Or, si l’aide alimentaire a été créée dans un contexte d’augmentation de la précarité des ménages et de surproduction alimentaire à l’échelle européenne, la réalité est aujourd’hui autre [4]. La « Tournée des popotes » vient interroger ce phénomène en inscrivant la réflexion dans le contexte actuel de globalisation, qui conduit chaque individu à dépendre de territoires de plus en plus grands, y compris pour le besoin quotidien qu’est l’alimentation. Les “popotes” vont jusqu’à questionner, au-delà de l’augmentation de la précarité des ménages, les enjeux de résilience collective et de sécurité alimentaire à plus long terme. Il y a en effet un sujet de temporalité à travailler, entre l’urgence de donner un plat chaud aux personnes démunies qui ont faim aujourd’hui, et celle d’anticiper les effets des actions conduites au quotidien sur le système alimentaire dont dépendront les générations futures.

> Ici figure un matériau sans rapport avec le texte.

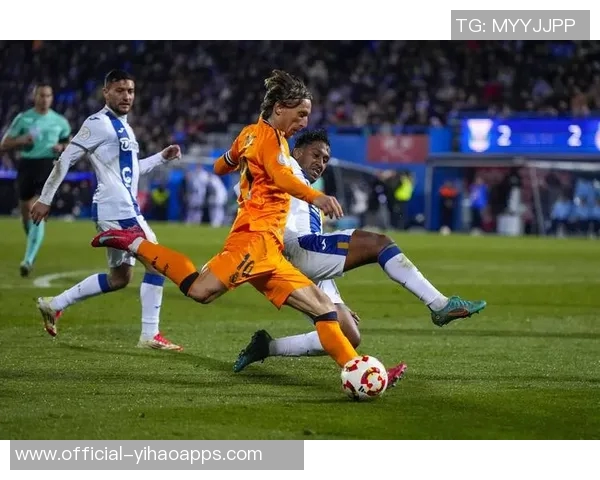 耶雷马伊:为皇萨效力是梦想拉科球衣下的西甲征战更美妙 耶雷马伊:为皇萨效力是梦想拉科球衣下的西甲征战更美妙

L’achat de denrées n’est heureusement pas la seule solution aujourd’hui retenue. D’autres initiatives plus créatives ont été repérées à l’occasion de la « Tournée des popotes » : les associations d’aide alimentaire développent en effet des trésors d’ingéniosité pour faciliter l’accès aux excédents des jardins de particuliers en milieu rural, pour cultiver elles-mêmes leurs propres jardins, pour rencontrer et développer des partenariats avec les agriculteurs locaux… Mais ces initiatives, encore embryonnaires, se heurtent à de nombreux obstacles, parmi lesquels : la disponibilité du foncier, l’identification de producteurs locaux pouvant contribuer, la capacité à maintenir des prix justes pour les consommateurs en situation précaire, les associations et les producteurs. Ces nouvelles actions mais aussi l’irrégularité des dons ou des produits proposés par les partenaires obligent par ailleurs les associations à disposer de toujours plus de compétences logistiques et de capacité de stockage, voire de traitement et de transformation.

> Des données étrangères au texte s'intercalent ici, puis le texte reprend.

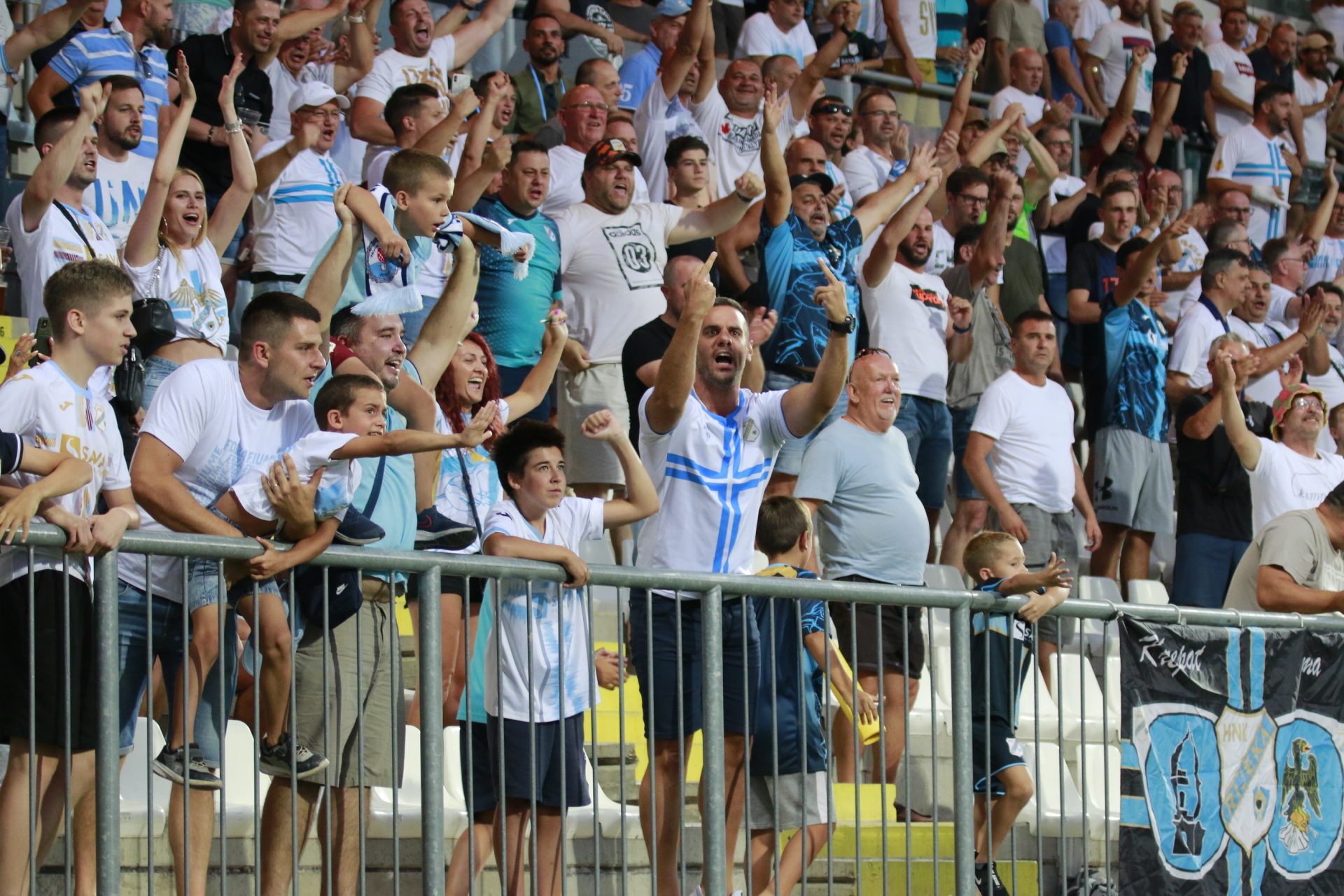 20220721205443__MG_9656 20220721205443__MG_9656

Comme dans le même temps, les associations ont toujours à accueillir les familles, organiser les ramasses à l’aube, redistribuer des produits de plus en plus aléatoires et gérer des conflits entre les familles que cela peut créer, la question du maintien du modèle du bénévolat est posée, d’autant plus s’il faut produire des rapports d’activité quasi-professionnels pour pouvoir prétendre aux subventions.

Favoriser les rencontres des forces-vives locales pour s’outiller face aux enjeux communs

« Portée à plusieurs, la charge est moins lourde », ce dicton populaire résume parfaitement les objectifs et l’intérêt de la « Tournée des popotes », prise comme action d’interconnaissance et d’échange de bonnes pratiques. Etre ensemble est un premier pas pour faciliter la conception de projets innovants, la mutualisation des actions, la réduction des coûts pour chacun ainsi qu’in fine, la pertinence et l’efficacité des actions publiques et la cohérence de leur mise en œuvre par les associations.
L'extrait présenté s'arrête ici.